Federal records show that nearly 6,500 nursing homes — about 40 percent
— have been cited at least once for a serious violation since 2013.
Common citations include failing to protect residents from avoidable accidents,
neglect, mistreatment and bedsores. Medicare has fined two-thirds of those
nursing homes.
However, new penalty guidelines discourage regulators from levying fines
in some situations, even when negligence has resulted in a resident's
death. The shift in the Medicare program’s penalty protocols was,
of course, requested by the nursing home industry. The American Health
Care Association, the industry's main trade group, has complained
that under the regulations put in place by Obama, inspectors focused excessively
on catching wrongdoing rather than helping nursing homes improve.
Trump’s change in policy aligns with his promise to reduce bureaucracy,
regulation and government intervention in business. The new guidelines
will likely result in lower fines for many facilities. Some, like Dr.
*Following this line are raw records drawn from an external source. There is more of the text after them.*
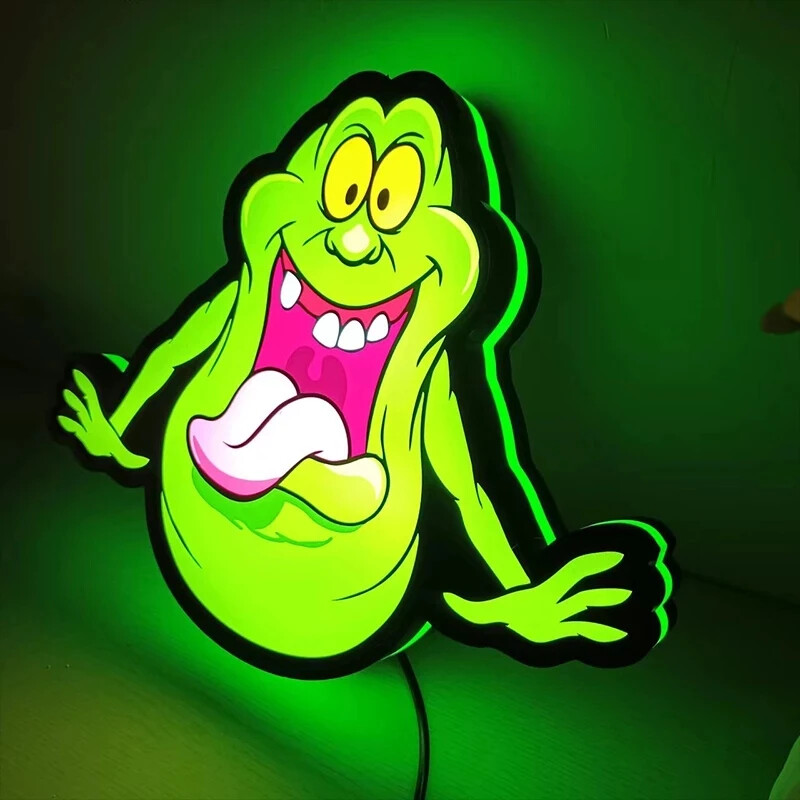 Ghostbusters 3D Printed LED Lightbox Wall Sign Gameroom Decor Children Gift gallery
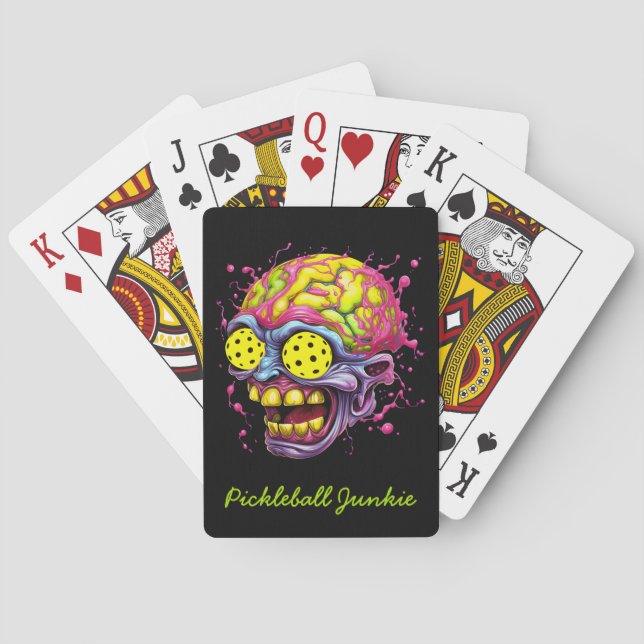 Jeu De Cartes Pickleball Junkie - drôle de pickleball (dos)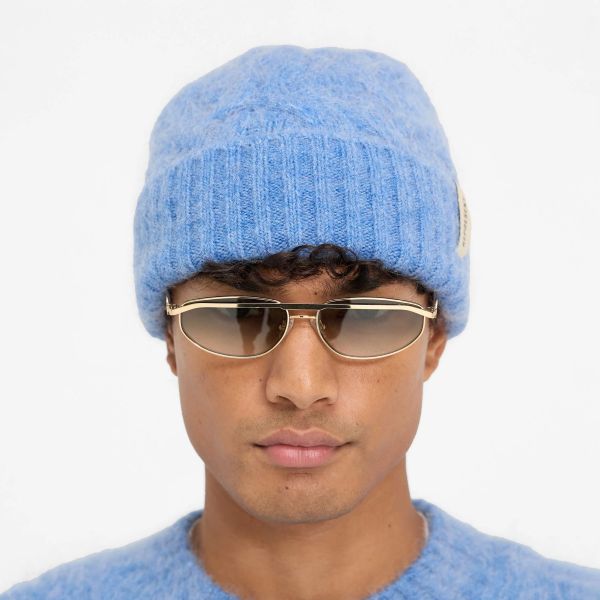 Represent Cable Knit Muts Blauw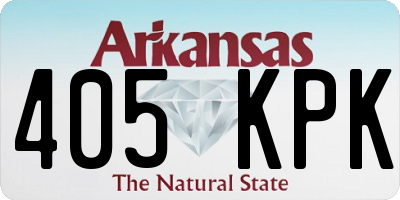 AR license plate 405KPK
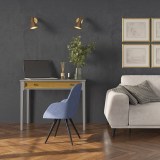 Стол письменный Квадро-С 01 Серый №7042 + антик №24 картинка 4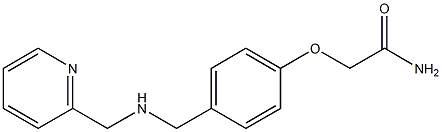 2-(4-{[(pyridin-2-ylmethyl)amino]methyl}phenoxy)acetamide|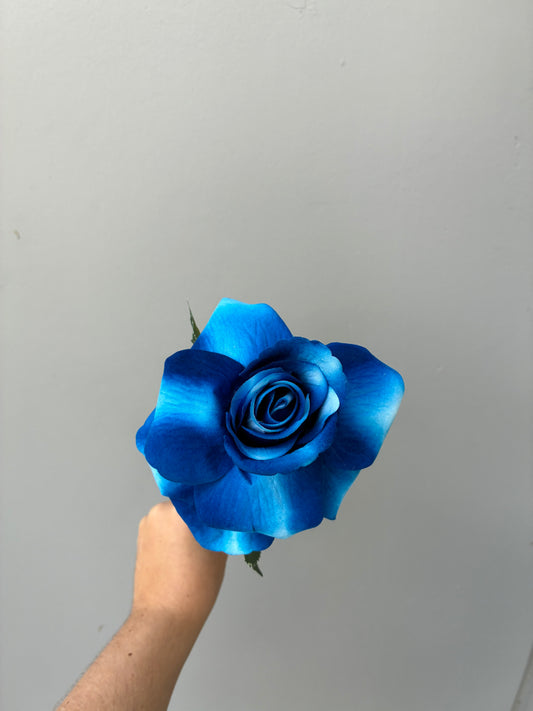 The Classic Artificial Rose Royal Blue variegated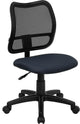 Contemporary Mid-Back Navy Blue Mesh Swivel Task Chair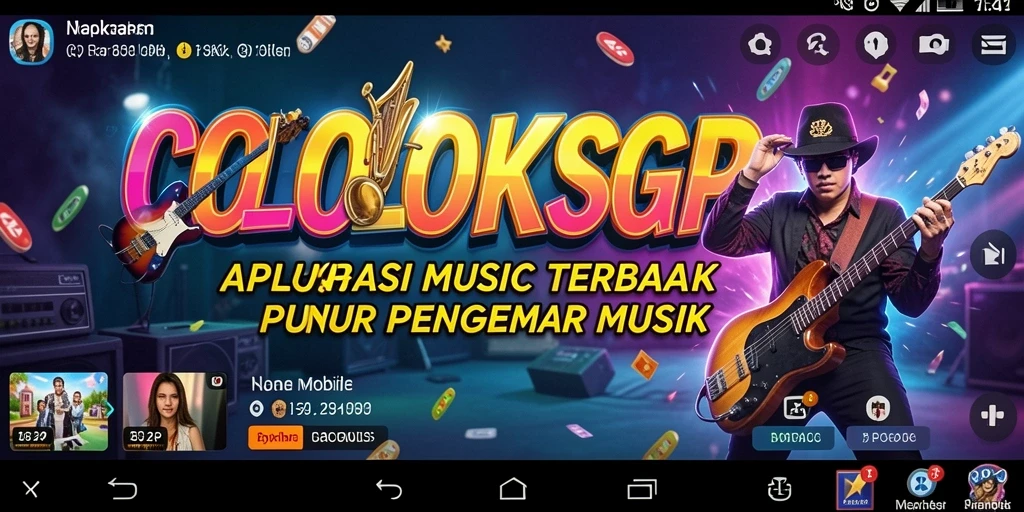 Tampilan antarmuka COLOKSGP yang menarik dengan berbagai pilihan lagu.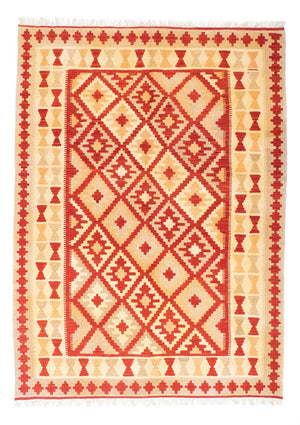 Kelim-tæppe - orientalsk - 211 x 155 cm - rød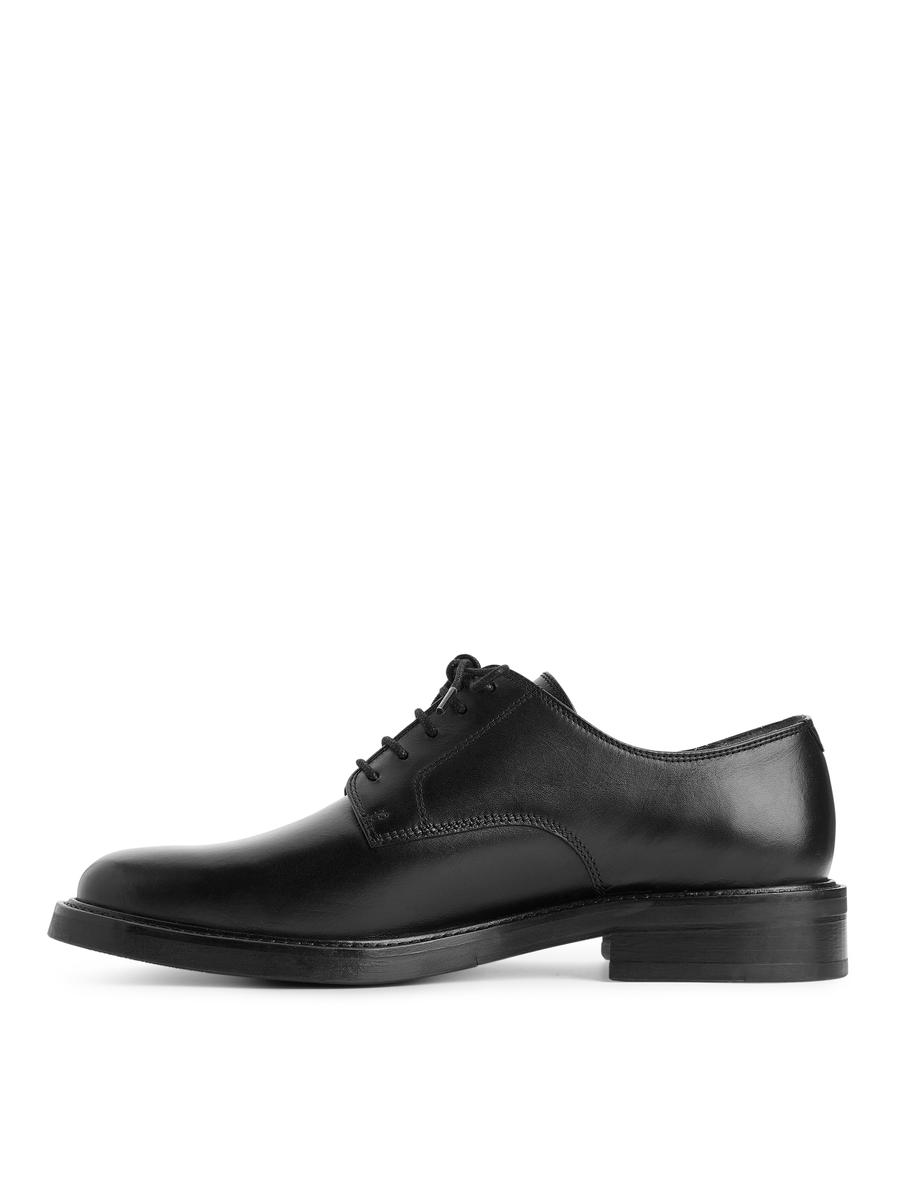 Derby-Schuhe aus Leder - Schwarz - Men - 0758687001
Kate Goodrich, director of clinical standards and quality at the Centers
for Medicare & Medicaid Services (CMS), feel that cutting back on
unnecessary regulation will allow providers to spend more time caring
for their patients, instead of “spending time complying with regulations
that get in the way of caring for their patients and doesn't increase
the quality of care they provide.”
But advocates for nursing home residents say the revised penalties are
weakening a valuable patient safety tool. They believe that relaxing penalties
threatens to undo progress at deterring wrongdoing.
Medicare has different ways of applying penalties. It can impose a specific
fine for a particular violation, assess a fine for each day that a nursing
home was in violation, or it can deny payments for new admissions. The
average fine in recent years has been $33,453, but records show that 531
nursing homes accumulated combined federal fines above $100,000.
With the new changes, there is now a maximum per-instance fine of $20,965.
This means that some nursing homes could be sheltered from high fines,
even for horrendous mistakes.
In September 2016, for example, health inspectors faulted an Illinois nursing
home for failing to monitor and treat the wound of a patient whose implanted
pain pump gradually slipped over eight days and protruded from her abdomen.
The negligent care ultimately resulted in the patient's death.
CMS fined the nursing home $282,954, including $10,091 a day for 28 days,
from the time the nursing home noticed the problem with the wound until
supervisors had retrained nurses to avoid similar errors. An administrative
law judge called the penalties "modest" given the appalling
care. The fines were issued before the new guidelines took effect, but
now, if CMS had issued a one-time fine, the maximum would have been less
than $21,000.
In November, the Trump administration also exempted nursing homes that
violate eight
new safety rules from penalties for 18 months.